Agency life is hard work. It’s almost never nine to five, and we have deadlines all days long.

What sort of research do you currently focus on?
In Hong Kong, because it’s a very mature market, there’s a lot more focus on satisfaction, point of sale and delivery of the service experience. Clients often want to know if their staff are happy, if their clients are happy, if their guests are happy, and if they’re seen to have done what they said they would do.

Those areas are bigger in Hong Kong than in most other markets. If you compare and contrast with China, for example, there isn’t as much product testing.

Here it’s not so much about new launches or new product concepts, but more about how you can improve things, how you can improve against your competitors, how you can get consumers to switch to your brand and how you can get consumers to stay with your brand.

What areas of research will grow in the medium term?
I don’t know if we think that much in the medium term. I run a business that runs on 90-day windows, because we’re a publicly listed company.

What formal education do you look for in job candidates?
I don’t actually believe in hiring on degrees. I think that lots of people do the same degree for lots of different reasons.

What’s more important are the skills and aptitudes you have. Those things are going to determine how easy it is for you to be competent in this field, regardless of where it’s going. Research is not going to change. It’s been done the same way since the advent of market research in the 1800s.

It’s important for me to find people who can logically work out answers to management-consultant case-study questions, like: how many car tyres there are in Hong Kong? They have to know how to break it down. I’m looking for staff who think this is an entertaining exercise. If someone is going to find that arduous or impossible, they’re not going to enjoy their day-to-day life here.

We need people to think about things. We need people who continually think about how to improve things, people who can figure out how to get the number they’re looking for. People that can figure out what else they should look at to figure out why a number might be unexpectedly high or unexpectedly low. It’s like sleuthing – you have to figure out.

Are you hiring at the moment?
We’re always hiring. I’m always doing interviews just to meet people, even if I don’t have an immediate position for them.

What’s a typical career path for new entry-level hires?
We have a specific progress framework that we give to all staff members. At a junior level what’s important is being able to manage details, deliver projects on time and manage communications. You need to show the ability to manage the tactical aspects of a project from start to finish.

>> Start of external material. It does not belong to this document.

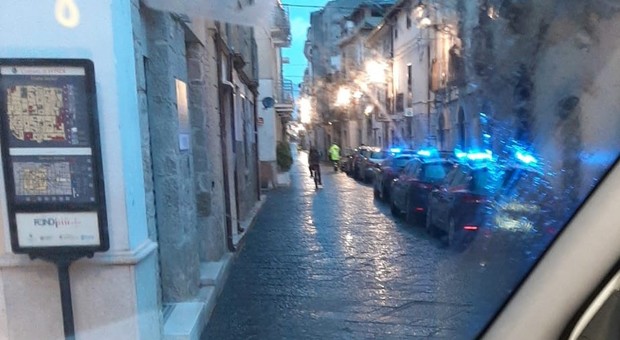 Blitz di carabinieri e Nas a Fondi, maxi retata nel centro storico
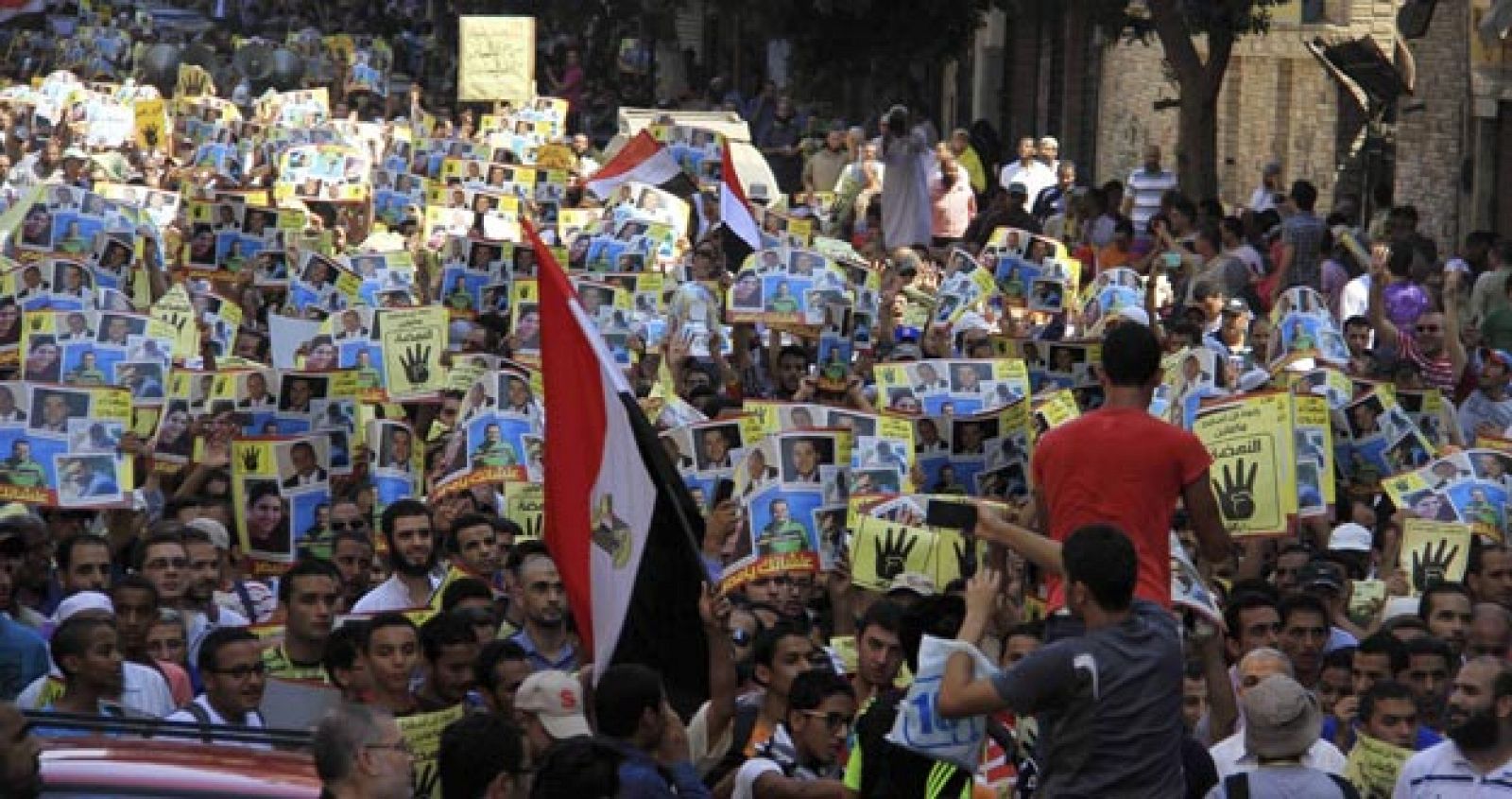 Decenas de simpatizantes del depuesto presidente egipcio Mohamed Mursi muestran pancartas y gritan consignas durante una protesta convocada por los Hermanos Musulmanes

Then you have to transition from managing projects to managing accounts. This transition is something on which we’ve only recently started to train people. An account manager needs to have a much broader view of things. They don’t only manage projects, they build relationship networks, keep updated about developments in the client’s industry, and look around for new solutions and ideas.

Once you’ve gone through that phase, you move on to actually managing a business.

What training do you offer?
We do a lot of technical training for the research specialisations in which we have global representatives. There’s also technical training from members of the team here. So whether training is needed for analytics or questionnaire design or statistical analysis, there’s always someone in-house who can deliver it.